# AIM OF THE EXERCISE
Copy exactly the line containing "MN license plate 772SUX" and all the lines that follow it to the end of the records, minus the pictures.

# DATA RECORDS

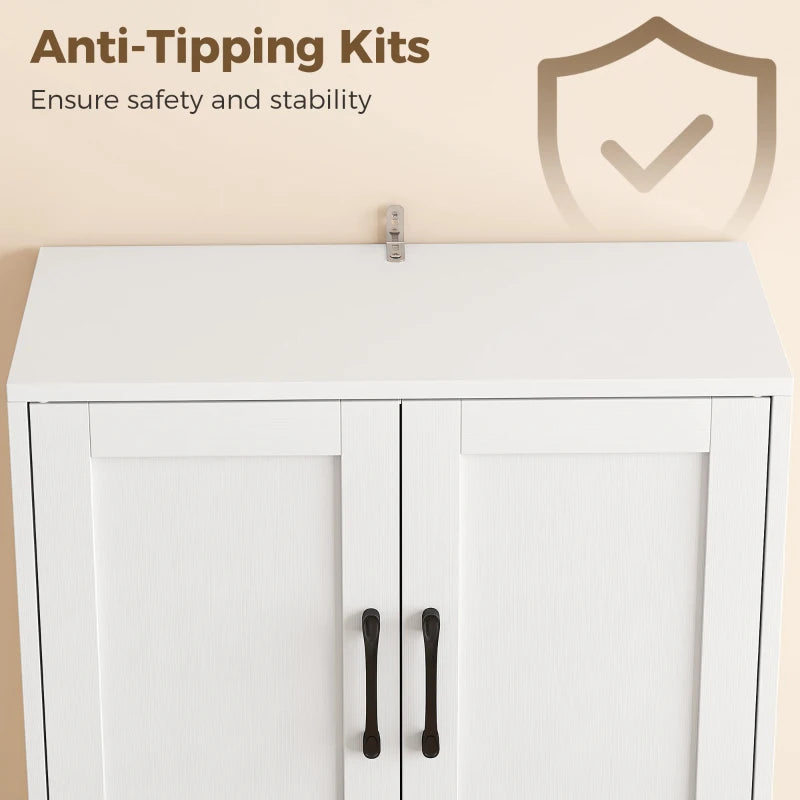 White pantry cabinet top with anti-tipping hardware and double door fronts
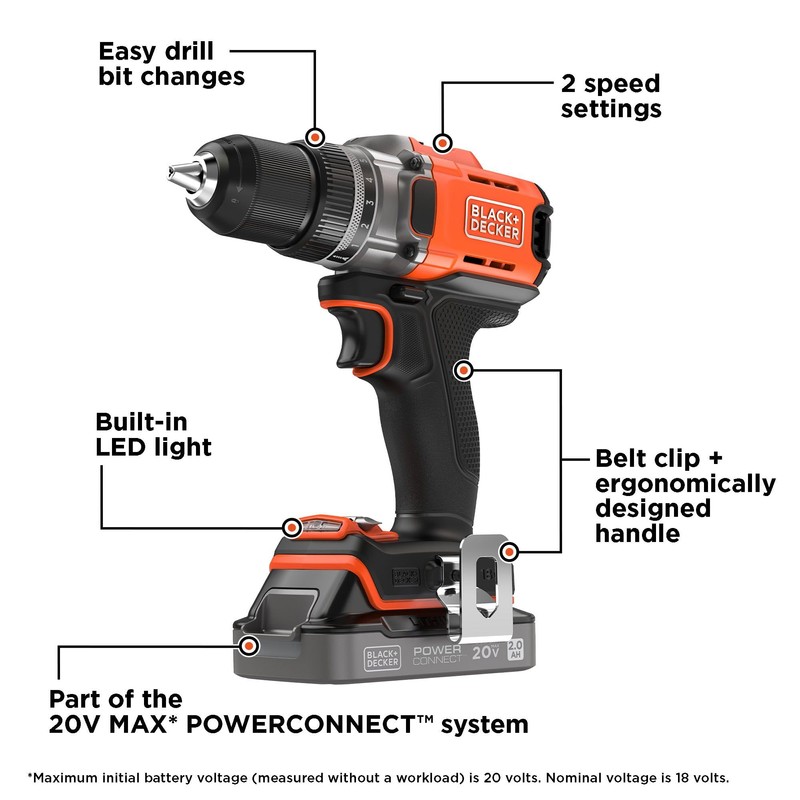 BLACK+DECKER 20V MAX POWERCONNECT Cordless Drill Driver with Battery and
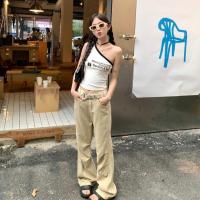 ราคา Spice girl ฝ้าย100 สายเดี่ยวไหล่เฉียงสีขาว สไตล์เกาหลี ลายพิมพ์ตัวอักษร สตรีทสไตล์วินเทจ น่ารักและเซ็กซี่ (23198211100)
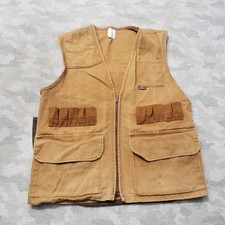 Vintage Walls Vest Mens Medium Brown Pockets Full Zip Made In USA Hunting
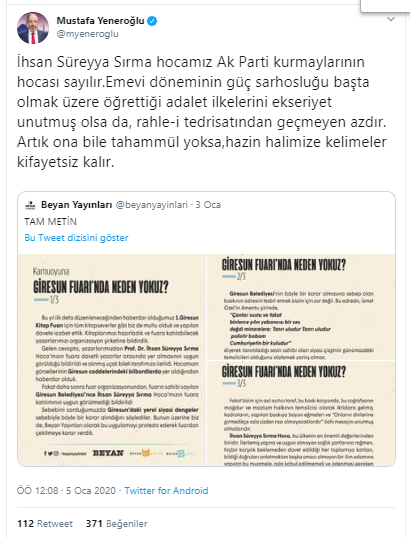 Mustafa Yeneroğlu'ndan AKP'ye: Hocanıza da mı tahammülünüz yok? - Resim : 1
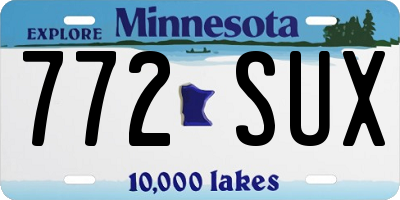 MN license plate 772SUX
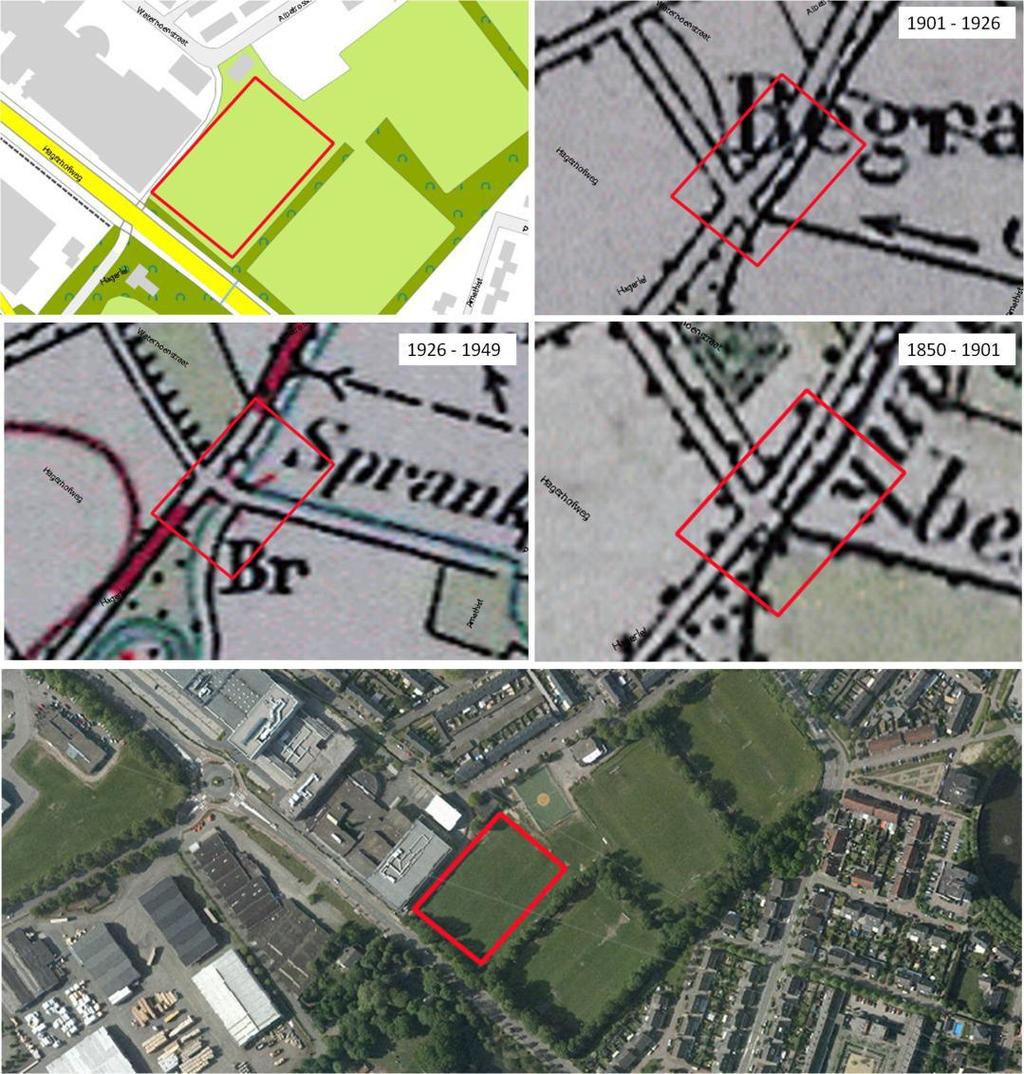 2.2 Afbakening onderzoekslocatie vooronderzoek Het vooronderzoek omvat de onderzoekslocatie en de direct hieraan grenzende percelen. De onderzoekslocatie (± 6.965 m²) ligt aan de Hagerhofweg ong.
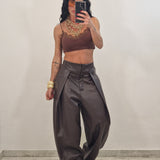Pantalone in ecopelle SMITH marrone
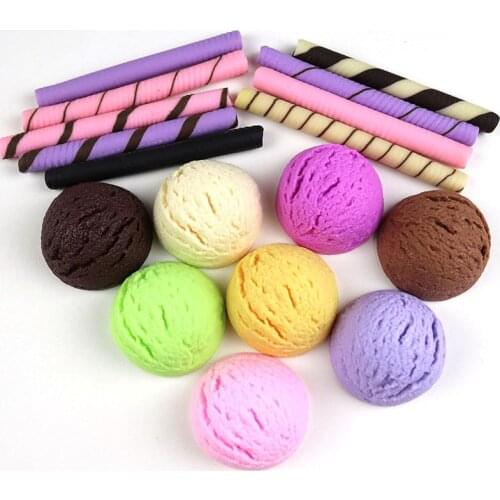 Artificial Shop Decorative Foods Colorful PVC Simulation Ice Cream Ball Chocolate Biscuits Stick Food Model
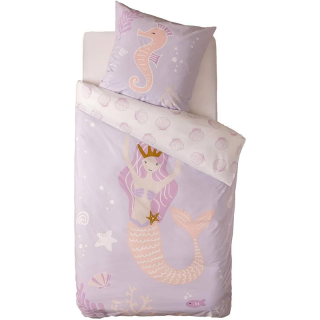 Parure de lit enfant Sirène 140x200 Violet - Atmosphera For Kids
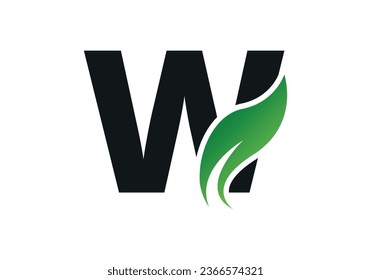 letter W with leaf concepts, W logo template, letter W icon, nature logo template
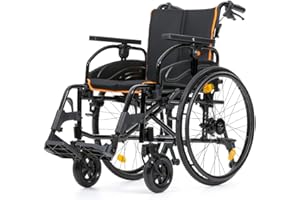 REHASHOP Rollstuhl Tiger Reiserollstuhl Zusammenklappbar Viele Verstellmöglichkeiten Größe 45 cm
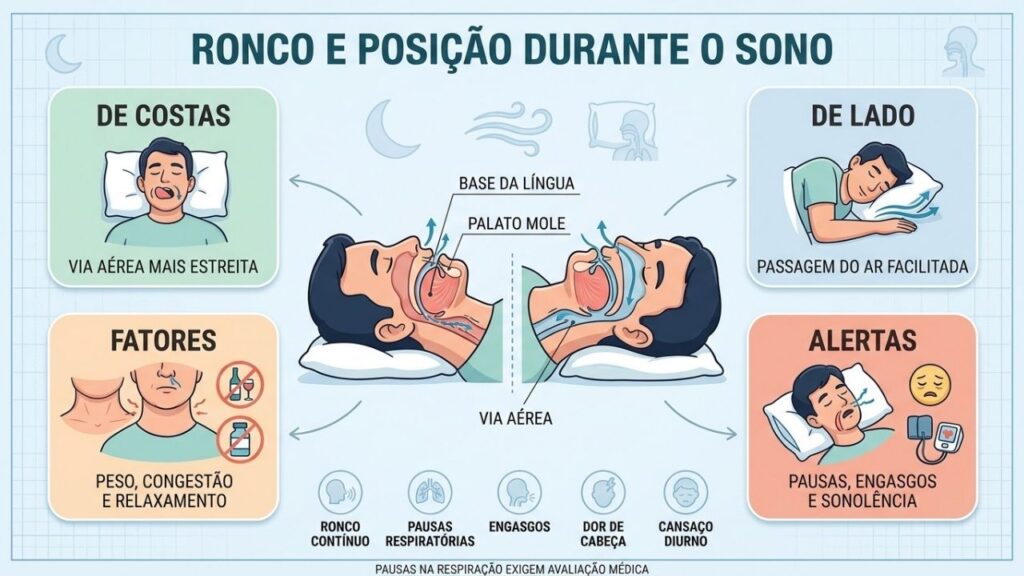 Posição, fatores associados e sinais de alerta ajudam a interpretar o ronco.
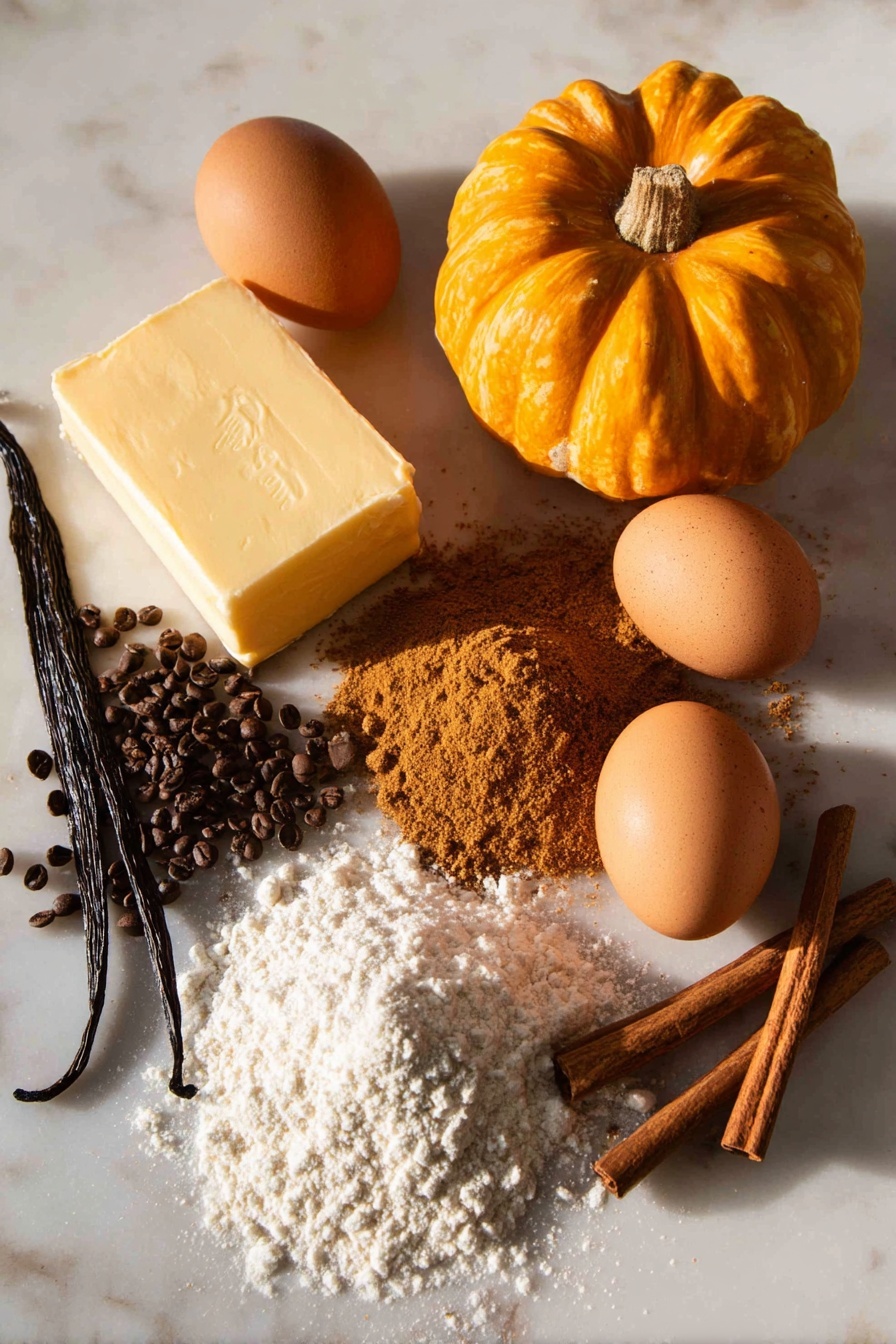 Flat lay of a soft golden block of unsalted butter, a small mound of rich dark brown sugar with sparkling deep amber crystals, a vibrant orange pumpkin with smooth skin beside a scattering of warm brown pumpkin spice powder and ground cinnamon dust, two fresh brown-speckled eggs with shiny shells, a vanilla bean pod with glossy black seeds spilling out, a delicate heap of fine white all-purpose flour, and a few cinnamon sticks with textured bark, all beautifully arranged with natural light and soft shadows, placed on white marbled surface, photo taken with an iphone --ar 2:3 --v 7 - Pumpkin Spice Cookies, fall cookie recipes, holiday baking, soft chewy cookies, pumpkin spice treats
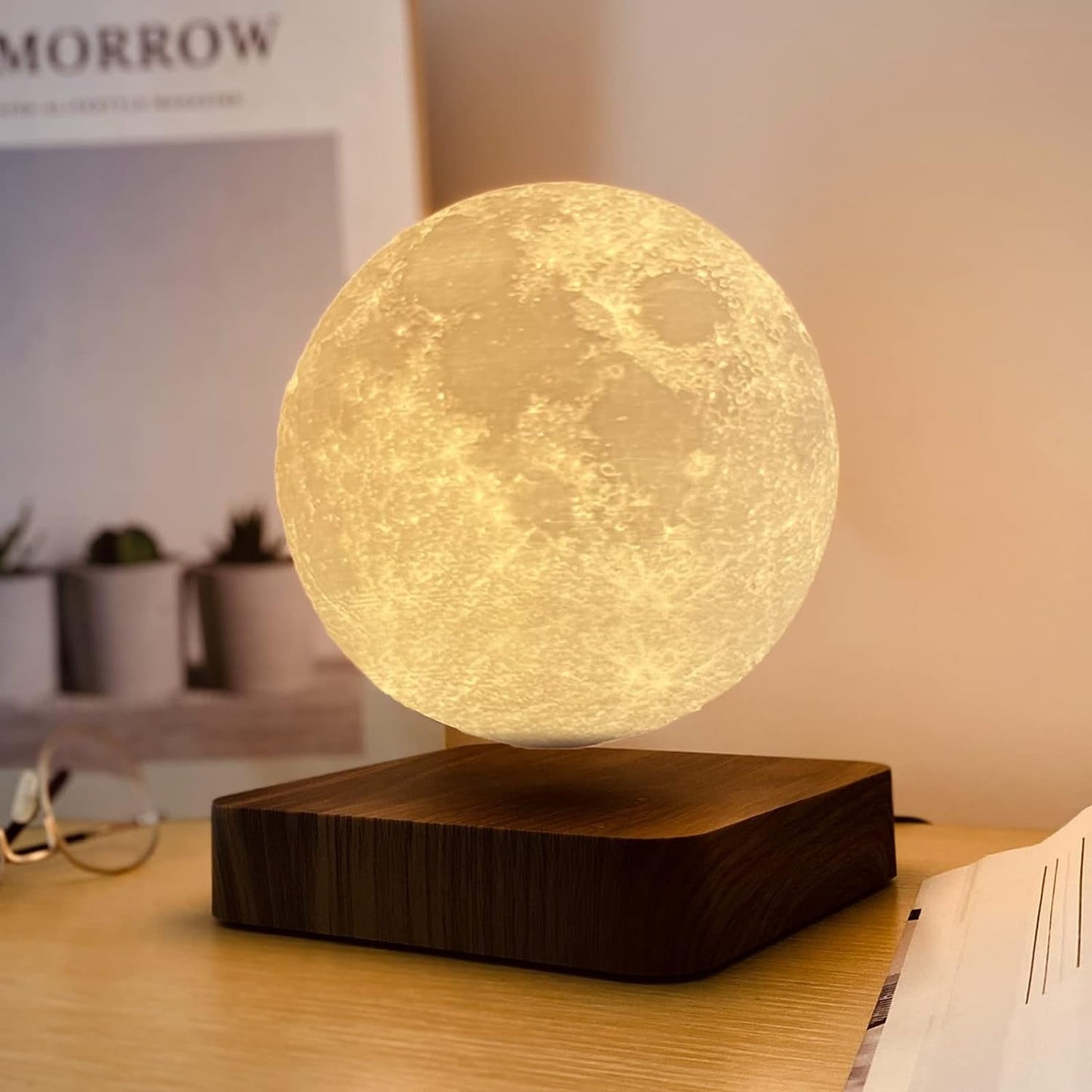 Svävande Flytande Maglev Lampa Atmosfärslampa Måne Valnöt Generic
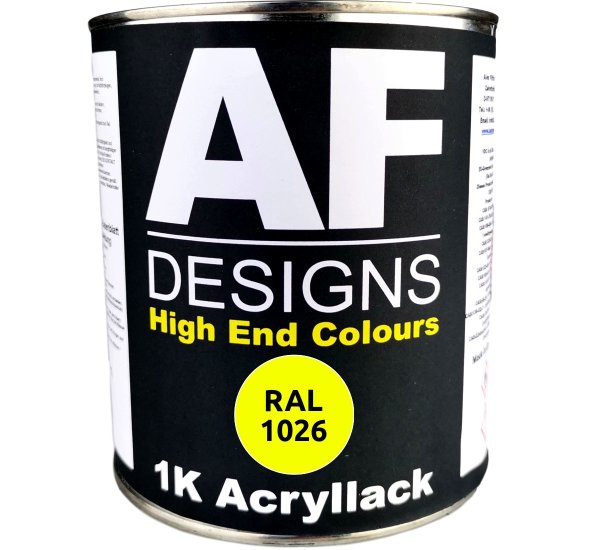 RAL1026 LEUCHTGELB glänzend 1KG Acryllack Buntlack Maschinenlack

# RESULT FOR THIS EXERCISE
 MN license plate 772SUX
 2.2 Afbakening onderzoekslocatie vooronderzoek Het vooronderzoek omvat de onderzoekslocatie en de direct hieraan grenzende percelen. De onderzoekslocatie (± 6.965 m²) ligt aan de Hagerhofweg ong.
Pantalone in ecopelle SMITH marrone
 Artificial Shop Decorative Foods Colorful PVC Simulation Ice Cream Ball Chocolate Biscuits Stick Food Model
 Parure de lit enfant Sirène 140x200 Violet - Atmosphera For Kids
 letter W with leaf concepts, W logo template, letter W icon, nature logo template
 REHASHOP Rollstuhl Tiger Reiserollstuhl Zusammenklappbar Viele Verstellmöglichkeiten Größe 45 cm
 Posição, fatores associados e sinais de alerta ajudam a interpretar o ronco.
 Flat lay of a soft golden block of unsalted butter, a small mound of rich dark brown sugar with sparkling deep amber crystals, a vibrant orange pumpkin with smooth skin beside a scattering of warm brown pumpkin spice powder and ground cinnamon dust, two fresh brown-speckled eggs with shiny shells, a vanilla bean pod with glossy black seeds spilling out, a delicate heap of fine white all-purpose flour, and a few cinnamon sticks with textured bark, all beautifully arranged with natural light and soft shadows, placed on white marbled surface, photo taken with an iphone --ar 2:3 --v 7 - Pumpkin Spice Cookies, fall cookie recipes, holiday baking, soft chewy cookies, pumpkin spice treats
 Svävande Flytande Maglev Lampa Atmosfärslampa Måne Valnöt Generic
 RAL1026 LEUCHTGELB glänzend 1KG Acryllack Buntlack Maschinenlack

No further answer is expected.